Denise Lugo  Editor, Accounting and Compliance Alert

· 5 minute read

Denise Lugo  Editor, Accounting and Compliance Alert

· 5 minute read

The FASB is studying a plan that could require companies to break out more information in income statements about labor costs—expenses that can amount to up to 60 percent of revenues.

The nation’s top 100 companies skimp on disclosing information about salaries and other benefits, leaving investors scratching their heads, according to July 27, 2022, board discussions. The board aims to change that. No decisions were made.

“There’s one cost that every company has and that is labor,” FASB member Fred Cannon said. “And we also know that labor costs are something that a broad spectrum of investors have been requesting for a significant amount of time, so in my mind lets make labor costs explicit rather than implicit in this,” he said.

At minimum, companies could be required to disaggregate employee compensation, depreciation and amortization from all expense captions presented on the face of the income statement. This could be supplemented by a break out of any remaining expenses using a qualitative threshold or principle. They could be required to break out expenses that result from the derecognition of sold inventory such as cost incurred that are capitalized during the period, including purchases, employee compensation, depreciation, amortization and others, rather than disaggregating pure expenses recognized.

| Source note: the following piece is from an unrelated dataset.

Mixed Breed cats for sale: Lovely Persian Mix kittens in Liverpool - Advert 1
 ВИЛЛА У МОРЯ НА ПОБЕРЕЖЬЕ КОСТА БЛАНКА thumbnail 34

“On conference calls companies are talking about short-term inflationary impacts on labor costs, raw material, transportation costs…so companies have the information,” FASB member Gary Buesser said. “And it’s really needed by investors to better understand the company’s incremental operating profit margin analysis – some people call it fixed versus variable, it’s looking at ‘can I move the company better, better understand the margin structure’ and make better forecasts in the future,” he said.

The discussions were specific to the board’s project, “disaggregation of income statement expenses,” a topic investors flagged as one that it should make a top priority. The scope of the project includes the following expense captions: (a) selling, general, and administrative (SG&A) expenses, (b) cost of services and other cost of revenues, and (c) cost of tangible goods sold.

But what is the best approach to tackle the topic? FASB had asked it of its advisory bodies and got an earful.

During the July 27 discussions, FASB members said they favored an alternative approach floated by staff that would move U.S rules closer to IFRS, pointing out the IASB has a project to revise financial statement information, much of which is interrelated, and that they could learn from.

“For reference, we understand that certain entities applying IFRS today, may be presenting employee compensation, depreciation and amortization costs incurred, rather than expenses recognized in total,” consistent with the example that exists in paragraph 102 of International Accounting Standard (IAS) 1Presentation of Financial Statements, FASB staff told the board. Focusing on cost incurred and capitalized into inventory “potentially avoids issues that we’ve heard about in the past associated with cost that loose their natural identify when they are capitalized into inventory.”

Board members pointed out that efforts to disaggregate income statement expenses would ultimately require systems changes for some companies, resulting in added costs, including audit costs. Other insights surrounded the need to require more consistency in financial reports, which means differentiating different types of costs explicitly.

“One of the challenges for me in this project was I can pull 10 income statements and they all look differently,” Chair Richard Jones said. “And it would be great if everyone I pulled had a line item called SG&A – unfortunately they don’t,” he said. “And we have some folks who are doing very good disclosure today right on the face of the income statement by nature, we have others who do it by function, we have some who have chosen different caption for those functions, and we’re attempting to come up with a one size fits all standard that can be applied.”

Jones said trying to write a principle “sounds great until we try to write the principle and actually see if people can understand it—so I am supportive of the alternative approach.”